The agreements have also created strange bedfellows in Trump and Canadian Prime Minister Justin Trudeau, who have repeatedly clashed. The two leaders both want to keep the U.S.-Canada asylum agreement intact.

Marie-Emmanuelle Cadieux, a spokeswoman for Canada’s border security minister, Bill Blair, wouldn’t comment on the specifics of the case, but said the government constantly monitors developments in the U.S. and Canada, and is continuing to work with the U.S. on ways to strengthen the agreement.

“The United States remains a country with an extensive system for processing applications that remain subject to administrative and legal checks and balances,” Cadieux told The Associated Press. “Any and all changes are considered in the context of the asylum system as a whole.”

U.S. government officials did not respond to multiple requests for comment.

Dozens of protesters chanting “suspend the agreement,” gathered outside the court this week, holding up signs that read, “The USA is not safe” and “Uphold all laws that protect refugees.”

Among them was Kikome Afisa, who said her own experience as an asylum seeker compelled her to speak out.

Afisa, who left Uganda amid government oppression and violence, said she was detained for four months after crossing into the U.S. from Mexico. She went to Canada in May through an illegal crossing in Quebec. Afisa said she has applied for asylum and is awaiting a hearing.

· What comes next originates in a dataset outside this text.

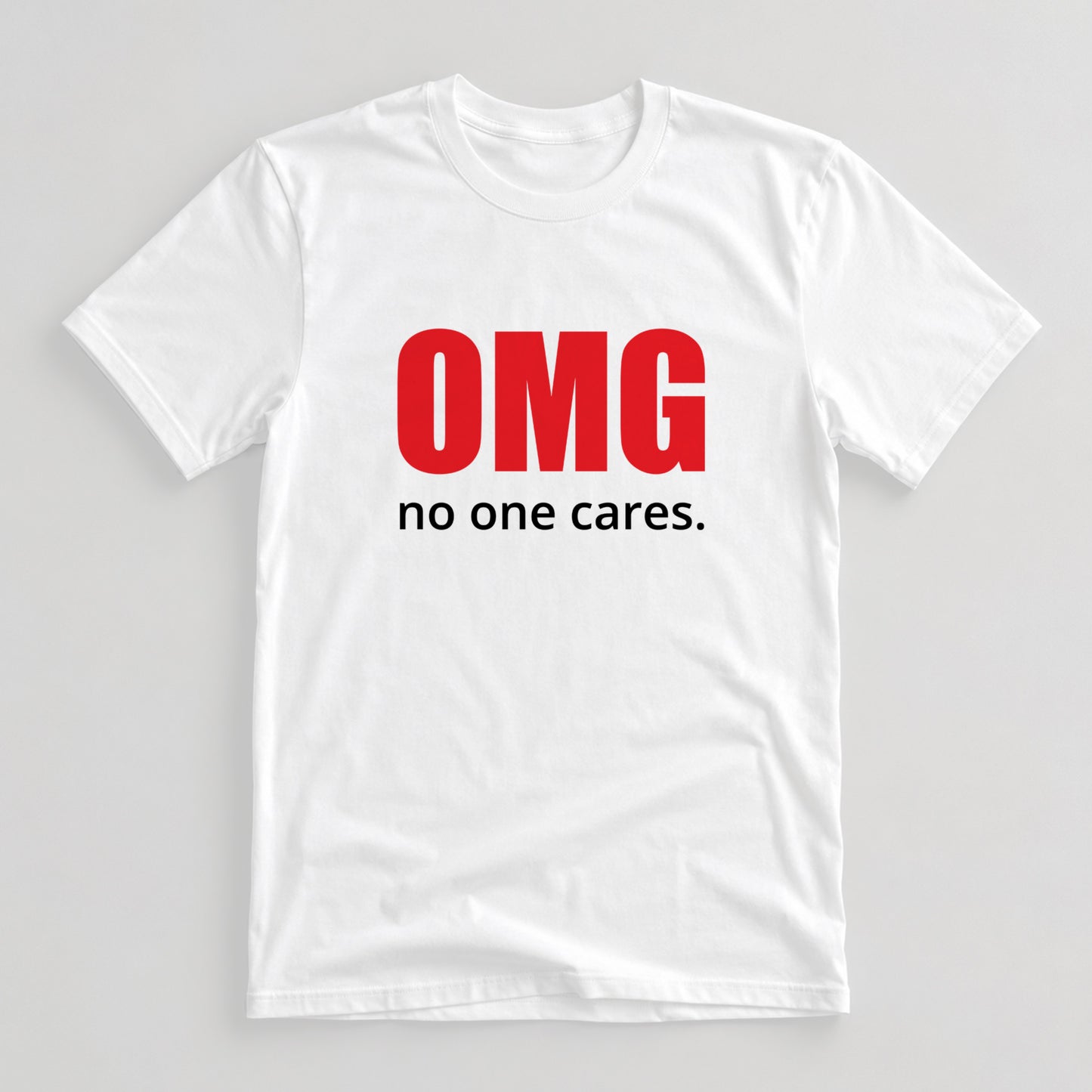 Tricou OMG - Alb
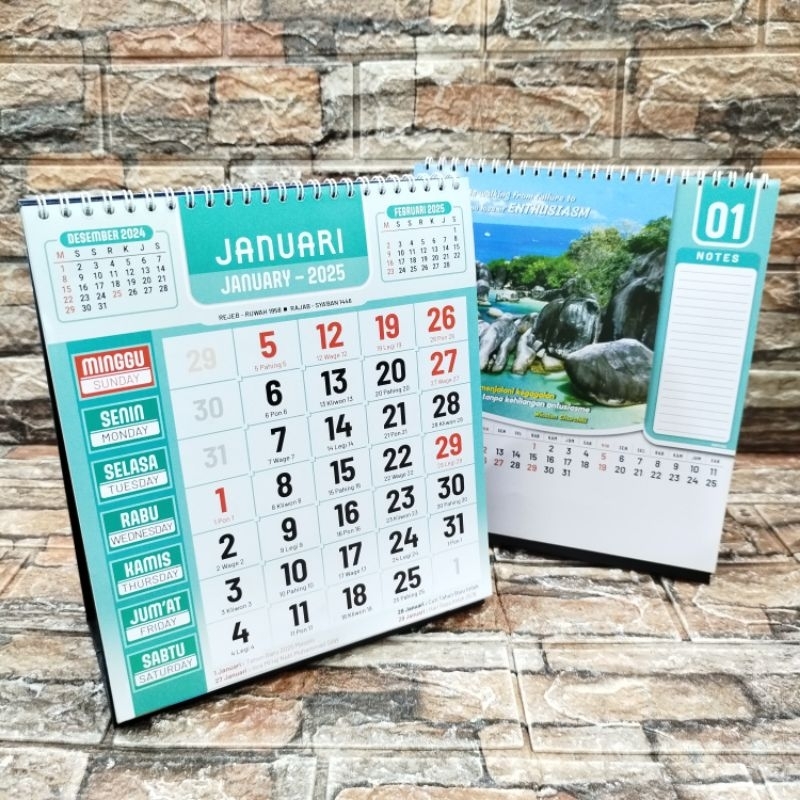 

KALENDER MEJA EXECUTIVE MOTIVASI 2025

“The U.S. is not safe,” she said. “No help, no shelter, nothing. You can stay outside on the street because you don’t have nothing when you’re a refugee. You come from your country because of some problem, you don’t have money,” she said, wiping away tears.

According to Canadian government statistics, since early 2017 through June nearly 50,000 people have applied for asylum after crossing into the country illegally. Most of those irregular border crossers entered Canada at Roxham Road.

In the summer of 2017, hundreds of people a day were crossing after traveling to the New York border town of Plattsburgh, where many would hire taxis for the 21-mile ride to Roxham Road in the town of Champlain. Now the numbers are down, but local taxi drivers still meet the bus each day looking for fares they can take to Roxham Road.

For much of that time, local activist Janet McFetridge has met the asylum seekers at the New York border before they enter Canada. On Monday, she gave the two Nigerian children scarves to help ward off the looming winter.

“It hasn’t really changed in that it’s always people who are looking for a better life and they are fleeing something, whether it be some sort of fear or persecution or religious freedom or economic opportunity,” she said. “They are coming to find something where they can be safe and healthy.”